Problem description: Skip the pictures and write out, word for word, the lines below from the one with "Sulaymaniyah’s Amna Suraka, the" through the one with "Marousso's Seafront House", inclusive.

Records to process below:

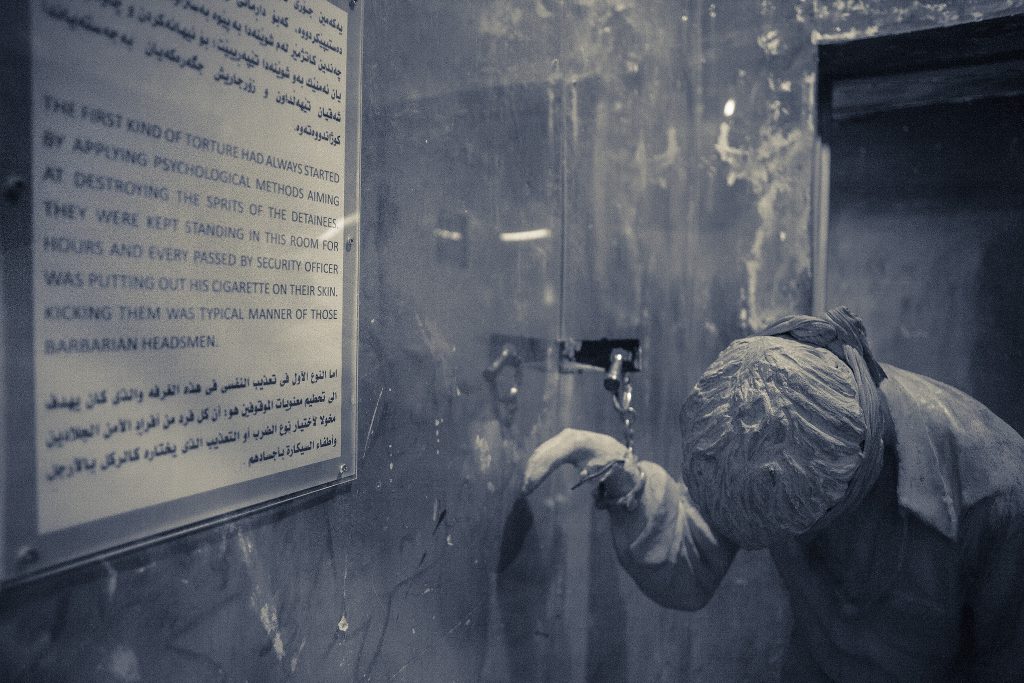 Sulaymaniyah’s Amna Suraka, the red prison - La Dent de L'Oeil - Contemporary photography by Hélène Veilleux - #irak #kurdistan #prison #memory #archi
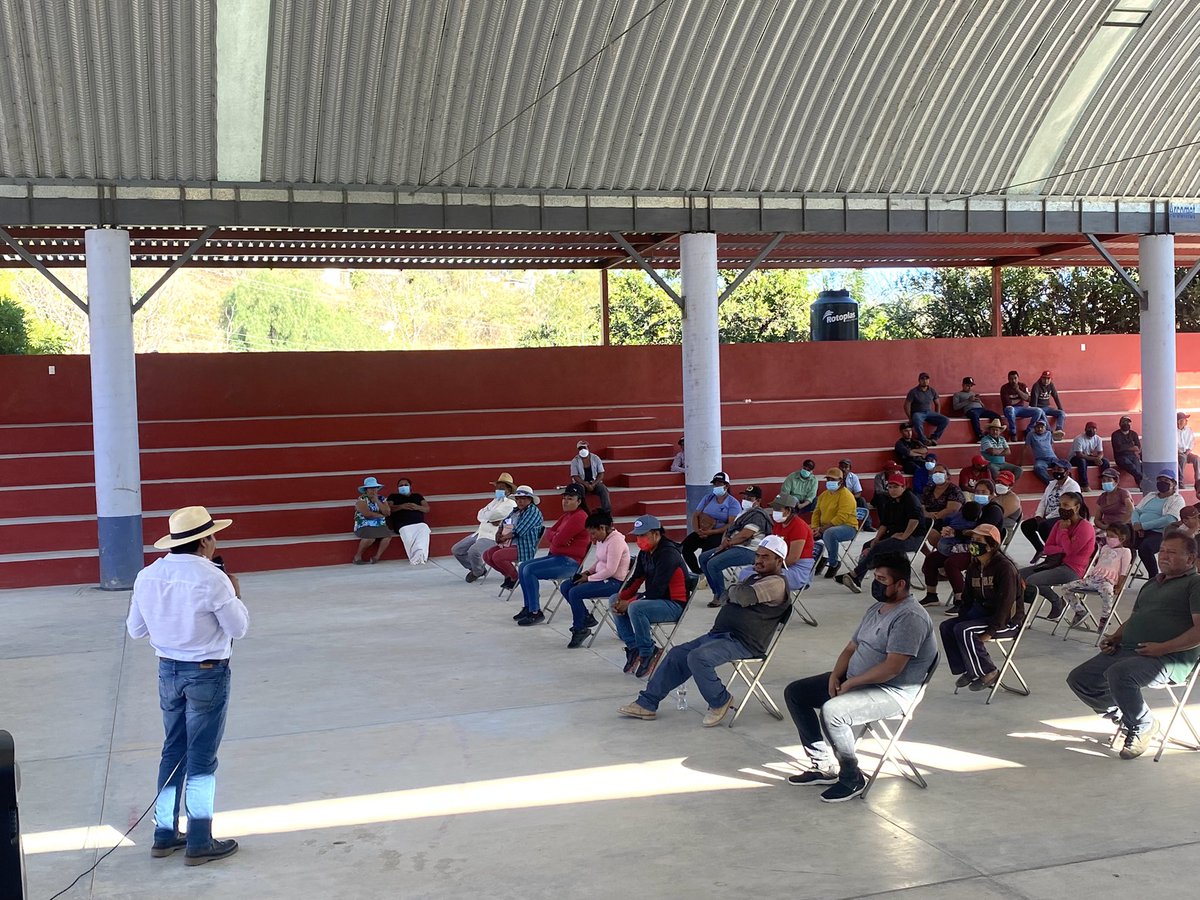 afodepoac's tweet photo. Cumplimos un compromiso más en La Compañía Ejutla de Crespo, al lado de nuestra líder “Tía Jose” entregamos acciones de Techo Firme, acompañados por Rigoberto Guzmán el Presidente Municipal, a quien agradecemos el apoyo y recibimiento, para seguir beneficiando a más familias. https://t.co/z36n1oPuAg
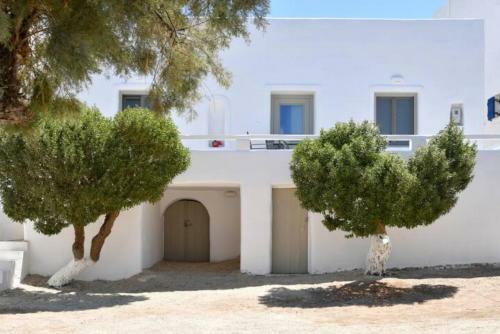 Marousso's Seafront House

End of Records to process.
Records to process below:

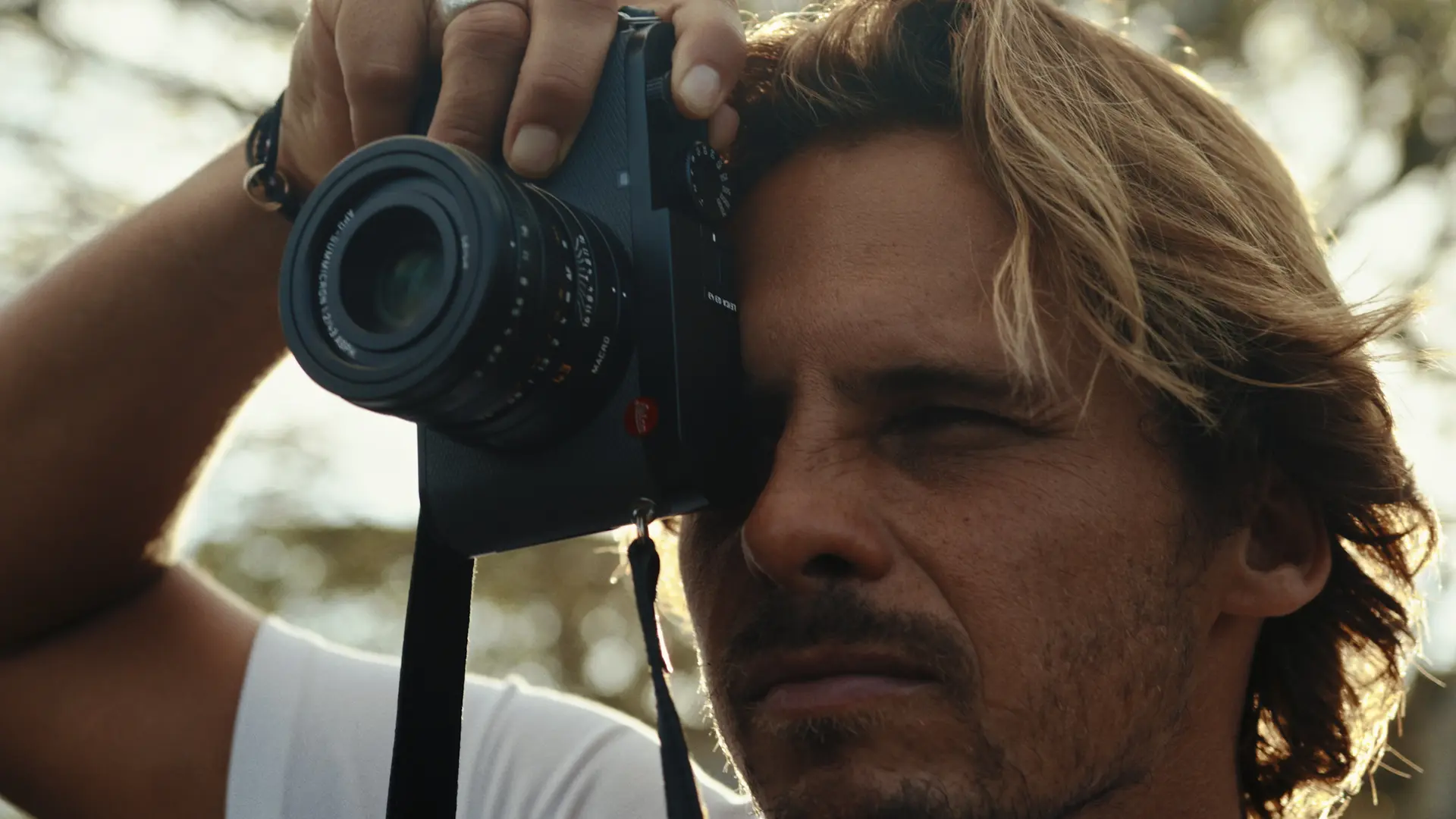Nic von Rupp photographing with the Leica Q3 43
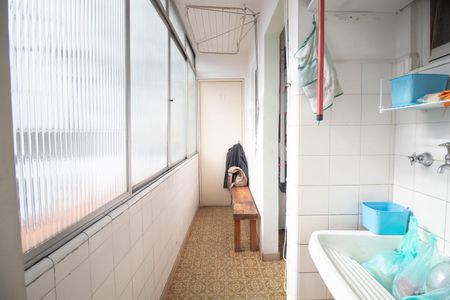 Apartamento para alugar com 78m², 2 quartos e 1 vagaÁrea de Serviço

End of Records to process.
Records to process below:

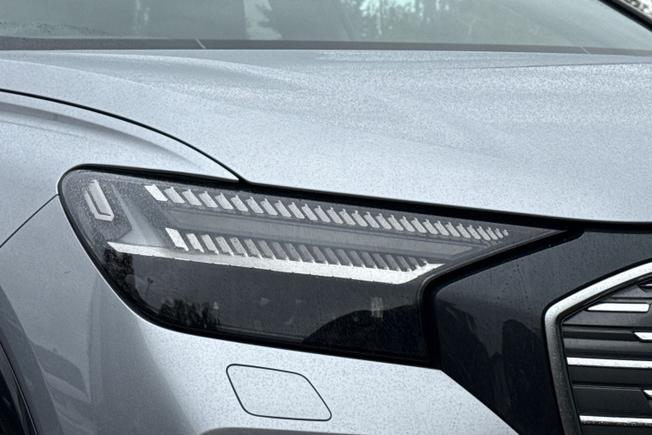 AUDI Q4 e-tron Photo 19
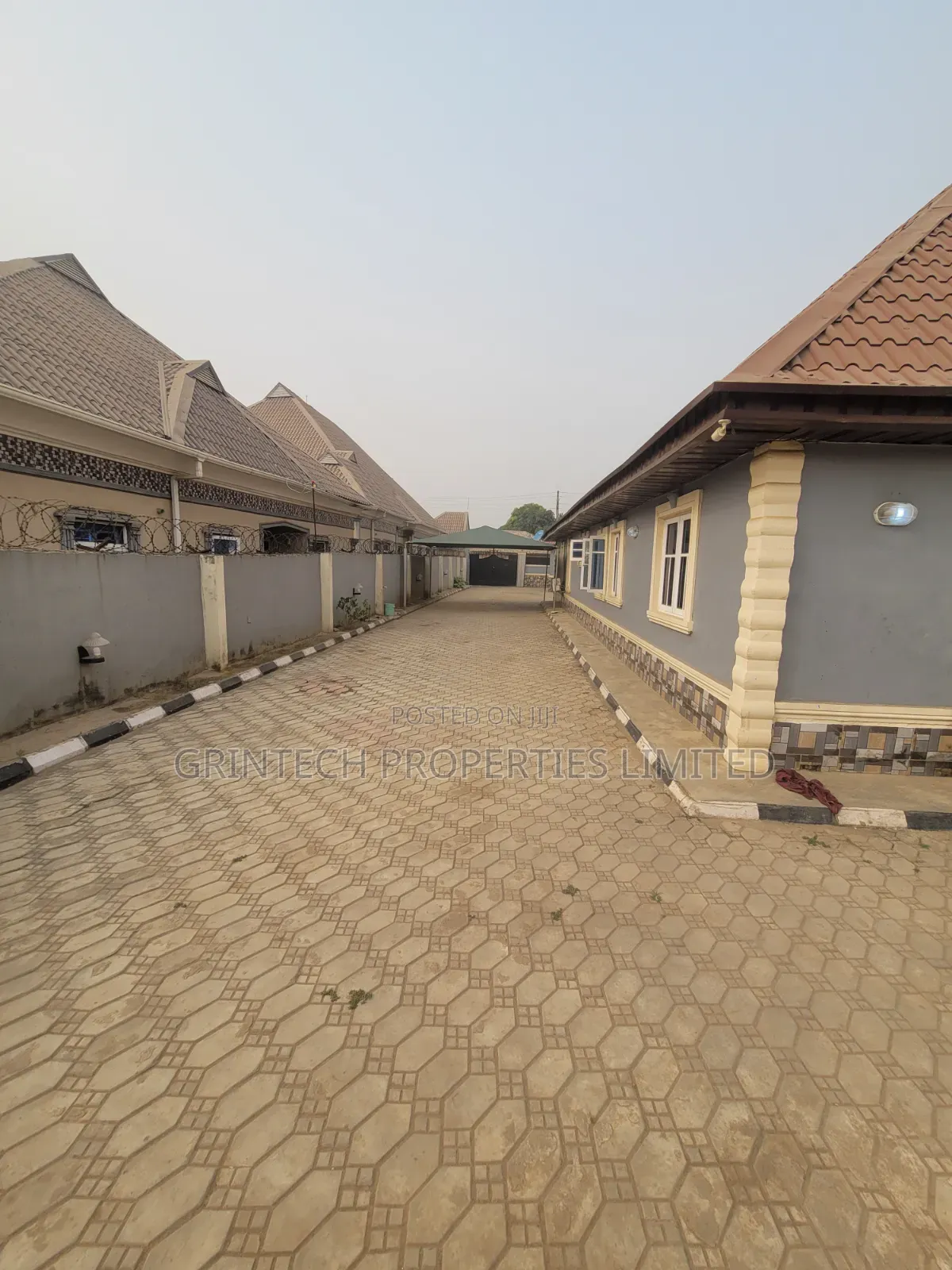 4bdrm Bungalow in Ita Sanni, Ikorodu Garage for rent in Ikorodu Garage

End of Records to process.

Result of the task:
 Sulaymaniyah’s Amna Suraka, the red prison - La Dent de L'Oeil - Contemporary photography by Hélène Veilleux - #irak #kurdistan #prison #memory #archi
 afodepoac's tweet photo. Cumplimos un compromiso más en La Compañía Ejutla de Crespo, al lado de nuestra líder “Tía Jose” entregamos acciones de Techo Firme, acompañados por Rigoberto Guzmán el Presidente Municipal, a quien agradecemos el apoyo y recibimiento, para seguir beneficiando a más familias. https://t.co/z36n1oPuAg
 Marousso's Seafront House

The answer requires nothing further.